Up to and including the line with "LIFE EXTENSION GAMMA", output the records exactly as they appear.

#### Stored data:
__________________________________________________
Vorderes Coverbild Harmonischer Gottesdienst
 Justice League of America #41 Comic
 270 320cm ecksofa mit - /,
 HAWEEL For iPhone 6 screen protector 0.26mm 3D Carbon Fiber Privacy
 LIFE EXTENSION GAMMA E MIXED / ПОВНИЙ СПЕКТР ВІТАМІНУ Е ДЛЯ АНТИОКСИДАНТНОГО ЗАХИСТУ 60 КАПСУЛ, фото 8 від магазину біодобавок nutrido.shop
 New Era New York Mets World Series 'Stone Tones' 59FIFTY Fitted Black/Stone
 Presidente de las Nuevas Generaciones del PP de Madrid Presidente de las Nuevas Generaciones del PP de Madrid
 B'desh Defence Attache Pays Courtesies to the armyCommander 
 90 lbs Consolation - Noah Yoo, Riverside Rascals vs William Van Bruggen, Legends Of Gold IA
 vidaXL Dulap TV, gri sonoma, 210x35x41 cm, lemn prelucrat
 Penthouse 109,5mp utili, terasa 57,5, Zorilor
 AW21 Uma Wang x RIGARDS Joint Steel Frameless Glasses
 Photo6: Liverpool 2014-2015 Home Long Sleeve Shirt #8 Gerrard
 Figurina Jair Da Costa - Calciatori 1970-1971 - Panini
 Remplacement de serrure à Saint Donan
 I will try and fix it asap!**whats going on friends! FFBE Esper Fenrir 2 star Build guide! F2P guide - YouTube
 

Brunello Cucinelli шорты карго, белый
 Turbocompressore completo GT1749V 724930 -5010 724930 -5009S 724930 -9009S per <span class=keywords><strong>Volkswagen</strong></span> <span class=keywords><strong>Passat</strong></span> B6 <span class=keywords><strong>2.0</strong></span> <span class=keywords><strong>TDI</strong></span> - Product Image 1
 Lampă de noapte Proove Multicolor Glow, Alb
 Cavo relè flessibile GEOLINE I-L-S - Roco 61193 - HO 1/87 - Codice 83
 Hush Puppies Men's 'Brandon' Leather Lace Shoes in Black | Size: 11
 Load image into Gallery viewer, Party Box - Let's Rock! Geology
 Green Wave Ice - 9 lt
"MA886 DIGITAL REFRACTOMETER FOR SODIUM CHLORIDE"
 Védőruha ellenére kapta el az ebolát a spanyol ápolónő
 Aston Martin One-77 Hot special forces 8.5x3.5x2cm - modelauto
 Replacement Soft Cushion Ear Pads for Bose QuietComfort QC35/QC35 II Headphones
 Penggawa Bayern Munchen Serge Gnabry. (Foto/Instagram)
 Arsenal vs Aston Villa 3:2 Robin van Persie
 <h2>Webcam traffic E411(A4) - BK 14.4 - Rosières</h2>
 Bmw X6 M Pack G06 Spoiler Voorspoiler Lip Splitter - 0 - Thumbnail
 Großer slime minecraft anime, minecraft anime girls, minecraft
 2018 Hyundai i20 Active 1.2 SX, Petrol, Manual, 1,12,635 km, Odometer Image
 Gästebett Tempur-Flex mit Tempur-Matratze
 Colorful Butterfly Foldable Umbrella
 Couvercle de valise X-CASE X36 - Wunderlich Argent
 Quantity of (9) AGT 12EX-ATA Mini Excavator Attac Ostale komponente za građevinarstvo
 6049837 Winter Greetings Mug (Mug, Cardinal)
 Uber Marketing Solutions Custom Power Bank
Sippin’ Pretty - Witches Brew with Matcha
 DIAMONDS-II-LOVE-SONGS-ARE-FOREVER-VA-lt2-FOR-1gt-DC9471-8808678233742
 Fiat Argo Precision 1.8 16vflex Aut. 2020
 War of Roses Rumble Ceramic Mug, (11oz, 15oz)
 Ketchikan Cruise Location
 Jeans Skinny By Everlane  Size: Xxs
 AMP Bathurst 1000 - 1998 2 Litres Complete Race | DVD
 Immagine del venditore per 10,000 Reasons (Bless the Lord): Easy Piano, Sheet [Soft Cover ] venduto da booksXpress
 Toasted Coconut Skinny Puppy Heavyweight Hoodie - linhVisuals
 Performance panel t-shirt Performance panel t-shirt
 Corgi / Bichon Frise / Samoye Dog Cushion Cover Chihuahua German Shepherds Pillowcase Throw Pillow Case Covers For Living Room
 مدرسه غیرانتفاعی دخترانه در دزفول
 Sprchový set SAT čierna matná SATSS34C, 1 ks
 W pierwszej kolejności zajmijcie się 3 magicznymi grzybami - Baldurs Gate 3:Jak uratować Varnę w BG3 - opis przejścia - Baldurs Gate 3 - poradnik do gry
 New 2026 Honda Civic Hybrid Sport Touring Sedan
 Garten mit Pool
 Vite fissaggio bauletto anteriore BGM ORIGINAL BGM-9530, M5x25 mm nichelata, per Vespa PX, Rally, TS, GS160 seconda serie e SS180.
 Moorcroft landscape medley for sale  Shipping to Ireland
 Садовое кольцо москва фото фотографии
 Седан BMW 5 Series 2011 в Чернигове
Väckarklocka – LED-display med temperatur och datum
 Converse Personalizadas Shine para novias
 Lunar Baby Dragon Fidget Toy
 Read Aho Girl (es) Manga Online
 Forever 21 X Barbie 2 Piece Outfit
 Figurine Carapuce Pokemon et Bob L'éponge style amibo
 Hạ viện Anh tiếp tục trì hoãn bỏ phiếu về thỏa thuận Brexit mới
__________________________________________________
#### RESPONSE FOR THIS EXERCISE:
Vorderes Coverbild Harmonischer Gottesdienst
 Justice League of America #41 Comic
 270 320cm ecksofa mit - /,
 HAWEEL For iPhone 6 screen protector 0.26mm 3D Carbon Fiber Privacy
 LIFE EXTENSION GAMMA E MIXED / ПОВНИЙ СПЕКТР ВІТАМІНУ Е ДЛЯ АНТИОКСИДАНТНОГО ЗАХИСТУ 60 КАПСУЛ, фото 8 від магазину біодобавок nutrido.shop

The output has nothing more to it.